Similarly, the law states that for the purpose of applying the reduced tax rate, “two or more entities (whether or not under common control) that produce distilled spirits marketed under a similar brand, license, franchise, or other arrangement shall be treated as a single taxpayer….” (26 USC 5001(c)(2)(D), as added by Public Law 115-97). An compelling bit of language—does it imply that two DSP’s of different ownership, bottling the same product under contract, each would share the same 100,000 proof gallon reduced rate allotment? How TTB explains and implements this provision of the law will be interesting. Working with the transfer in bond rule, the DSP may find it better, in some situations, to have contract bottled product shipped to their plant in bond for shipment to distributors rather than having the contract packager ship to distributors. Neither party would be desiring a “sharing” of the 100,000 ceiling on the $2.70 per proof gallon rate, if either plant’s volume will be near to or over that threshold. The rate jumps to $13.34 per proof gallon for any spirits shipped above 100,000 proof gallons. The reduced tax rates benefit all distillers, not just the smaller companies.
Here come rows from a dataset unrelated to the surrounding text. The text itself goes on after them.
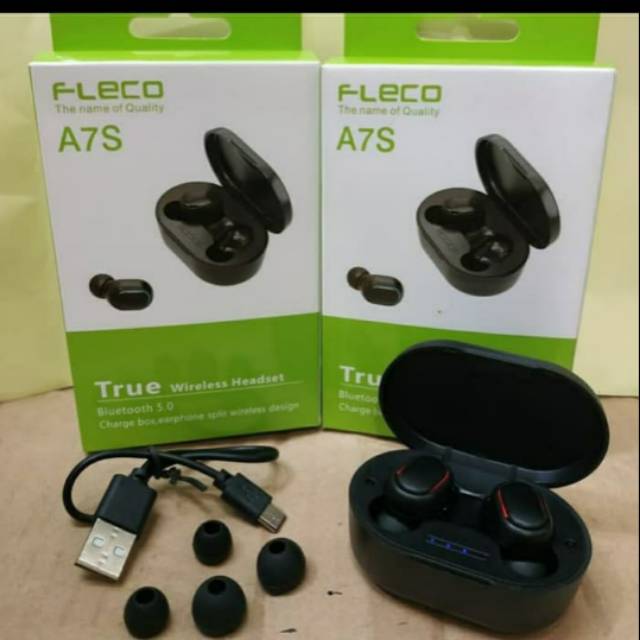 Jual Headset Bluetooth TWS Fleco A7S Earphone Wireless Bluetooth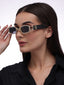 Diamond Glare | Black Golden Crystal Rectangle Sunglass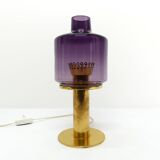 Lampe scandinave Hans-Agne Jakobsson laiton et verre violet B 102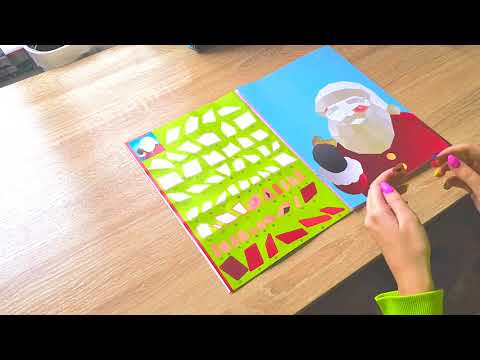 Новая детская игра разукрась наклейками деда мороза и ёлочку.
Further, the rate applies to imported products, as well. A large group may allocate their 100,000 proof gallons to the varied producers and importers in their group. This creates a complexity for TTB in their auditing and administration of the law,
which requires a group to document their allocations. Another effect of the reduced rate is that the wine credit under 26 USC 5010 reducing taxes on products containing wine will likely be negated for the lowest tax rung, as computation of the wine credit generally leaves the rate above $2.70. The flavors credit computation may be of some benefit, at least a few cents per proof gallon. Again, TTB instruction should help understand how the specifics of the law impact those credits.
LAST WORDS To summarize, the distiller, brewer and winery obviously benefit from the two-year (and possibly longer term) reduction in tax rates, but they should be sure to watch for the layer of rules attendant to the rate reduction which can impact their businesses. How the agency implements the rules is yet to be seen, as TTB folks analyze the changes and issue guidance and regulatory adjustments. Getting things right and staying compliant will require industry members to stay tuned to what the government provides in the way of instruction for incorporating these changes into their records and operations.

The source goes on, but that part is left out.